SOURCE MATERIAL:
****************

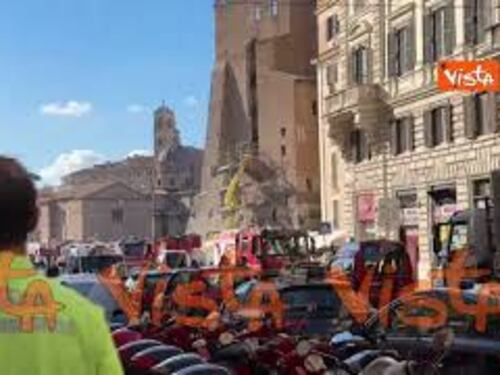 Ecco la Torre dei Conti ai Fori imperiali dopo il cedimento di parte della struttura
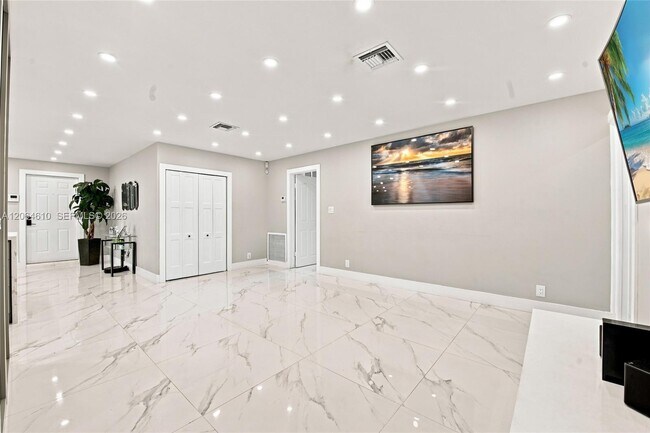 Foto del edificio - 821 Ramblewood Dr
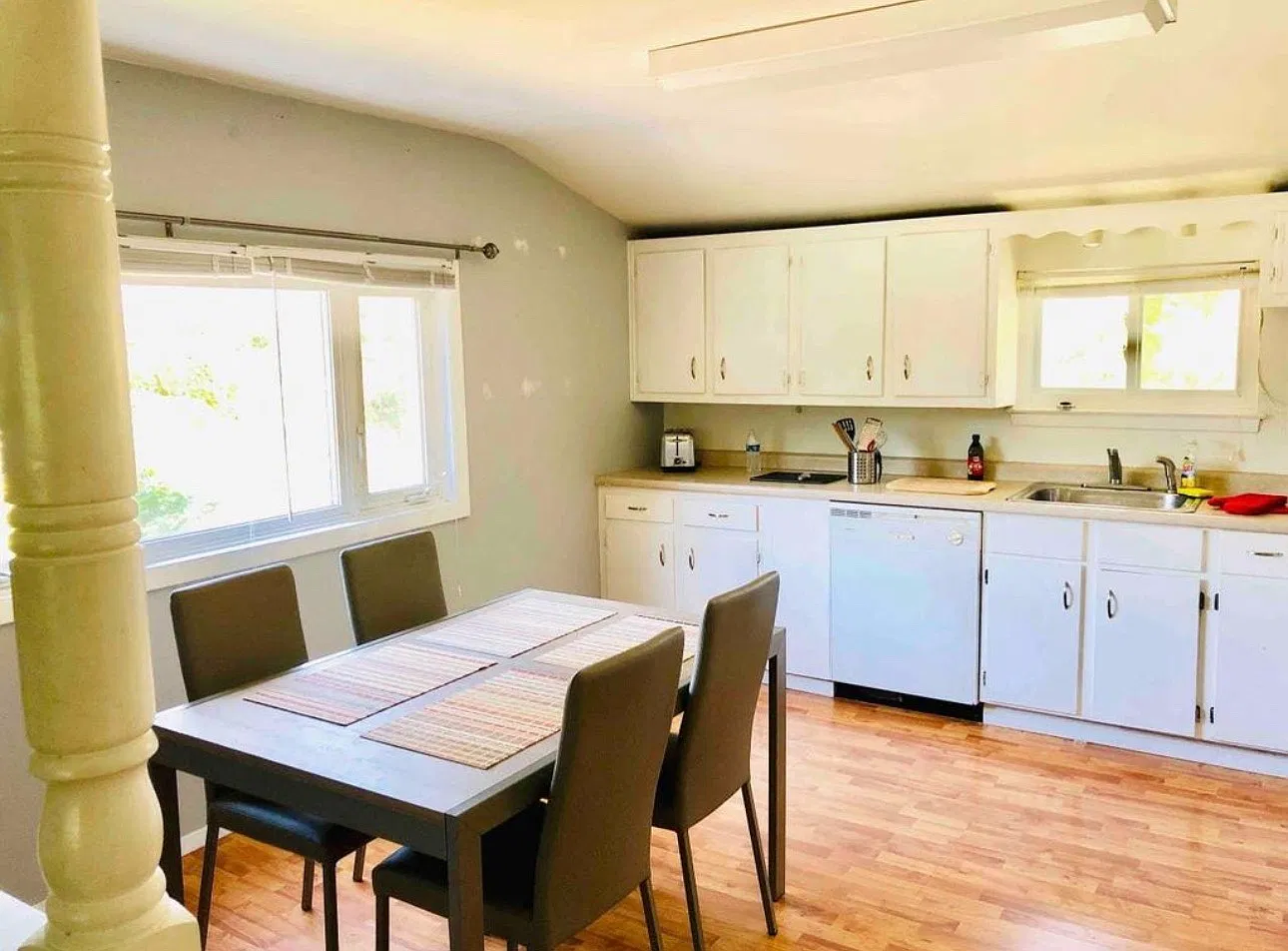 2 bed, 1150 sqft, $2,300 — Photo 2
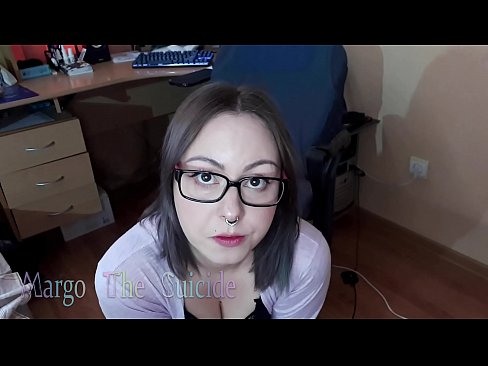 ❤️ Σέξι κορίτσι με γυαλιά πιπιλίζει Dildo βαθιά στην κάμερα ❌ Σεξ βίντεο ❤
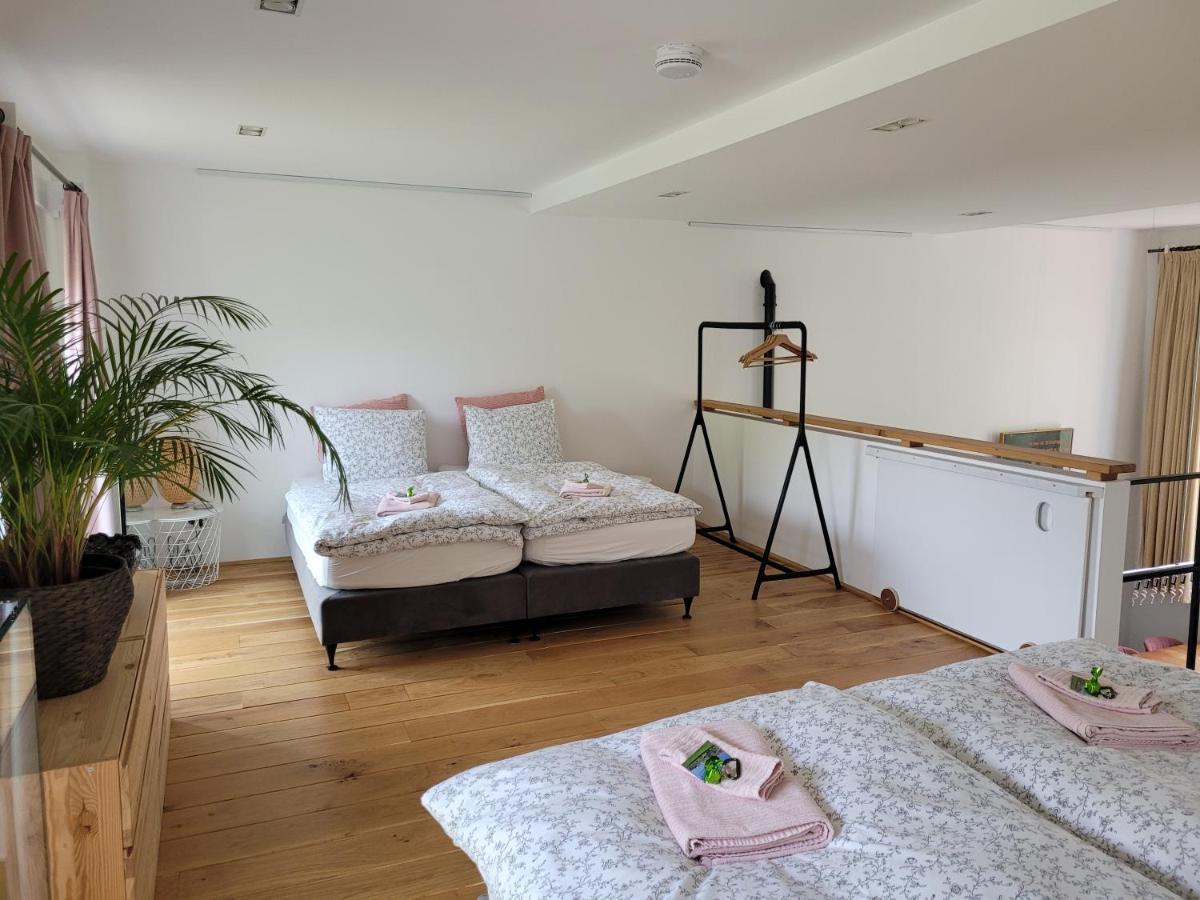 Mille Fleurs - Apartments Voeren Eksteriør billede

****************

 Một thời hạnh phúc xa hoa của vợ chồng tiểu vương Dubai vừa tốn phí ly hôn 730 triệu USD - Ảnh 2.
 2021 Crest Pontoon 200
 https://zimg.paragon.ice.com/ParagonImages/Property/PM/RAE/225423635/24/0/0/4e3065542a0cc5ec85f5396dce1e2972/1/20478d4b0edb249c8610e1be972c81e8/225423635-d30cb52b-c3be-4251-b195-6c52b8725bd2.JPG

****************

EXERCISE GOAL:
Print from the line containing "Σεξ βίντεο ❤" through the line containing "Mille Fleurs - Apartments" in the data above, exactly as the lines stand, and omit every picture.

WRITTEN REPLY:
 ❤️ Σέξι κορίτσι με γυαλιά πιπιλίζει Dildo βαθιά στην κάμερα ❌ Σεξ βίντεο ❤
 Mille Fleurs - Apartments Voeren Eksteriør billede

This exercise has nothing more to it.